Within his highly varied oeuvre, O’Brien uses material experimentation and free-form creation to capture the emotion, psychology, and memory of a particular moment. His drawings, sculptures, and ceramics communicate and serve as an extension of the self. This ongoing quest for identity through artistic expression finds a new avenue in The Protectors, as O’Brien looks to bridge the disconnects between individual experience of struggle and perseverance and the public works intended to commemorate it.

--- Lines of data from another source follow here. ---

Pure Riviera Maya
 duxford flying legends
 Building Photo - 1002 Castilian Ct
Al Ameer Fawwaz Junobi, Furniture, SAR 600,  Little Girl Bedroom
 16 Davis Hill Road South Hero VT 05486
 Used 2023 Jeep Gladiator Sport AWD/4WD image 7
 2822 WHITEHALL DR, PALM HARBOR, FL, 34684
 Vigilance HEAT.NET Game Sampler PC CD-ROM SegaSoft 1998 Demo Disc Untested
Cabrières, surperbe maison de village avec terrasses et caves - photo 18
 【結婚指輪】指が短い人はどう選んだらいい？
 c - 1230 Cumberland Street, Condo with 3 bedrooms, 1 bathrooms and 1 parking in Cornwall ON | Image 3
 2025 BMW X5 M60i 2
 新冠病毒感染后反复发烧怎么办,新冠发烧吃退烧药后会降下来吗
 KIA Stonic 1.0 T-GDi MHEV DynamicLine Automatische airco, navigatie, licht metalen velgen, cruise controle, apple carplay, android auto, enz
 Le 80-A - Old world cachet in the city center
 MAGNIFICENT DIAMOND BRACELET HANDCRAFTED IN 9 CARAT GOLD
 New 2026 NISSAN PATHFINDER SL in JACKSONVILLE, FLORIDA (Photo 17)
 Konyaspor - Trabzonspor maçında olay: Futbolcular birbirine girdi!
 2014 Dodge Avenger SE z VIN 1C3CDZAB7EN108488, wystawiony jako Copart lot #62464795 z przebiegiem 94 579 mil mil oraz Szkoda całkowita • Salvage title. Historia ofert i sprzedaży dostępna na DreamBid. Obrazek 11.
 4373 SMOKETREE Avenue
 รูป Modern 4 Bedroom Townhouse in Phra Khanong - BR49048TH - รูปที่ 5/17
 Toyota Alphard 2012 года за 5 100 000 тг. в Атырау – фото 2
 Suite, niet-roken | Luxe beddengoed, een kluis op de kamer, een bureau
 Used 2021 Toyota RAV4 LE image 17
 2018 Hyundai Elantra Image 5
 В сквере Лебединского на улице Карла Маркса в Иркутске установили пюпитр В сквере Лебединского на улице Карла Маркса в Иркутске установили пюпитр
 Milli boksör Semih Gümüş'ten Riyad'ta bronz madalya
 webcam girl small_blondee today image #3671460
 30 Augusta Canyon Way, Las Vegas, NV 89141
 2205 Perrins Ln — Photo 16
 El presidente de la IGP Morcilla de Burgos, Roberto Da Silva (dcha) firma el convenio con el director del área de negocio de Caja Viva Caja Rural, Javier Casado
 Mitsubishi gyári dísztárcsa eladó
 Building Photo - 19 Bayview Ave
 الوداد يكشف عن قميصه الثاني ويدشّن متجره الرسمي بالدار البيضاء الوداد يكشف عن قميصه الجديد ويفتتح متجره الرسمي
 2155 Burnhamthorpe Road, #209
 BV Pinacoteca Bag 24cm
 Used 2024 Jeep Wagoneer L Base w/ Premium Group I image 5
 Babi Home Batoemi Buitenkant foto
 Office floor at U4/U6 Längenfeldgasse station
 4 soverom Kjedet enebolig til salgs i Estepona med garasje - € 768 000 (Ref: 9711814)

Taking inspiration from the powerful imagery of the Mahakala, a deity in Tibetan Buddhism, O’Brien shapes his sculptures through organic patterning, the lines and curves flowing naturally in and out of each other. Images of wheels, spirals, and hands appear momentarily and then dissipate into themselves, defying figurative clarity and conveying a spiritual wildness. The tension between figuration and abstraction makes subtle reference to the internal and external push-and-pull that we so often feel as we move through and beyond personal and collective challenges. In this way, O’Brien’s bronzes reflect a common narrative that can be understood by a wide and diverse audience. At the same time, the sculpture’s totemic qualities and spiritual undertones offer potent opportunity for self-reflection and meditation.
The Protectors will also feature a selection of new works on paper, conceived from the same source content. The incorporation of the drawings produces a dramatic shift in scale and relationship to the viewer. The bronze sculptures, some life-sized, compel a physical engagement, while the works on paper, made in an array of cool, blue tones, suggest a more intimate and introspective experience. While presented indoors for this exhibition, the sculptures may be shown outside, furthering the inward and outward dichotomy and highlighting the vastly different visual and psychic affects of a single gesture across two media. Together, the works speak to the way we engage and respond to memorials that we encounter as well as the ones we may create.
“Memorials are a common attribute of public spaces, and they often represent a crucial moment or event—one that can alter or confront the way we perceive ourselves, culturally and historically. Yet, there is a dissonance between how monuments convey a collective whole and how different people might experience and process those same events,” said O’Brien. “These newest works are about humanizing the monument, so that it offers more opportunities to find personal meaning and also healing. For me the creative process has always been about giving voice to a particular emotion or happening, so it feels like a very natural evolution to explore public works as an expression of identity.”
A solo museum show of O’Brien’s work, curated by Joey Yates, will also be on view at KMAC Museum in Louisville, Kentucky, from January 21 – April 9, 2017.